# Moka exploded



## RichD1 (Oct 17, 2016)

My daughters Bialetti stainless Moka exploded yesterday!! She had just finished a brew on induction heat and thinks that she turned the heat off but feels she may have turned it up full.

My question is why didn't the pressure relief valve work. The moka pot is only about 18 months old.

Looking at the pot after it cooled down it looked like the top had moved off the bottom. Inspecting it when I got it apart and I can see no visible damage.

Would you use the pot again if the pressure relief valve was replaced?

Richard


----------



## catpuccino (Jan 5, 2019)

Glad nobody was hurt. Given how affordable they are, no. Buy a new one.

As for why, the only thing I can think must've happened is the pressure relief valve got blocked.
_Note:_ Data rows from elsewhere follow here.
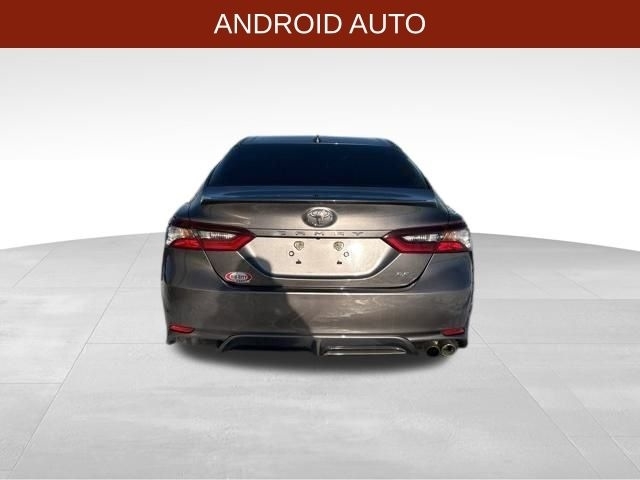 Toyota Camry SE 2022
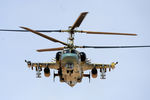 Вертолет Ка-52 «Аллигатор» во время боевой операции в окрестностях освобожденного от боевиков города Эль-Карьятейн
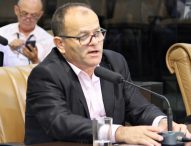 Juarez indica substituição de tampa e manutenção de boca de lobo em rua do Cidade Nova Jacareí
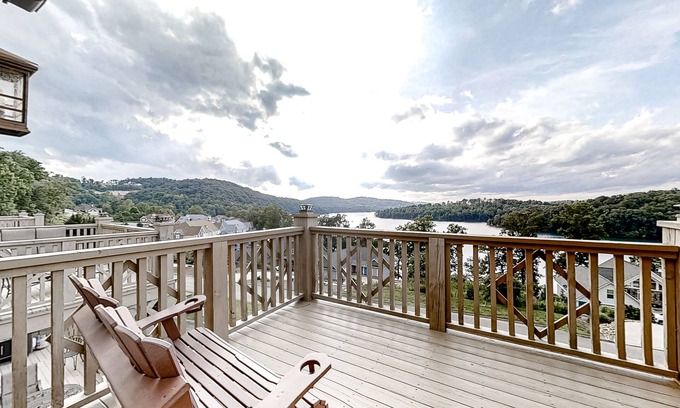 Andersonville Condo | Norris Lake condo w/free attraction tickets, boat slip, deck, mtn & lake views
This can happen from mineral build up or just time, and it's why you're meant to pull it out (it's springy) periodically to ensure it remains freed.


----------



## MediumRoastSteam (Jul 7, 2015)

Did you fill with water below the safety valve? You should have.

How compact was your coffee so that it could not escape though that? Seems crazy.


----------



## RichD1 (Oct 17, 2016)

I've had a quick look at the relief valve looks like it is fully out as I couldn't move it. I'll give it another look as I would like to understand how it works for the future. I've got a 15 year old Bialetti pot and have never considered checking the valve. Interestingly my valve is totally different, can't see how I could test it.

Richard


----------



## El carajillo (Mar 16, 2013)

They are often a spring and ball. Push with a pin from the inside, you should be able to feel the spring give as you move the ball.

Do not compress the coffee before placing the screen.


----------



## RichD1 (Oct 17, 2016)

Water level was below the valve and the coffee is never tamped.

Richard


----------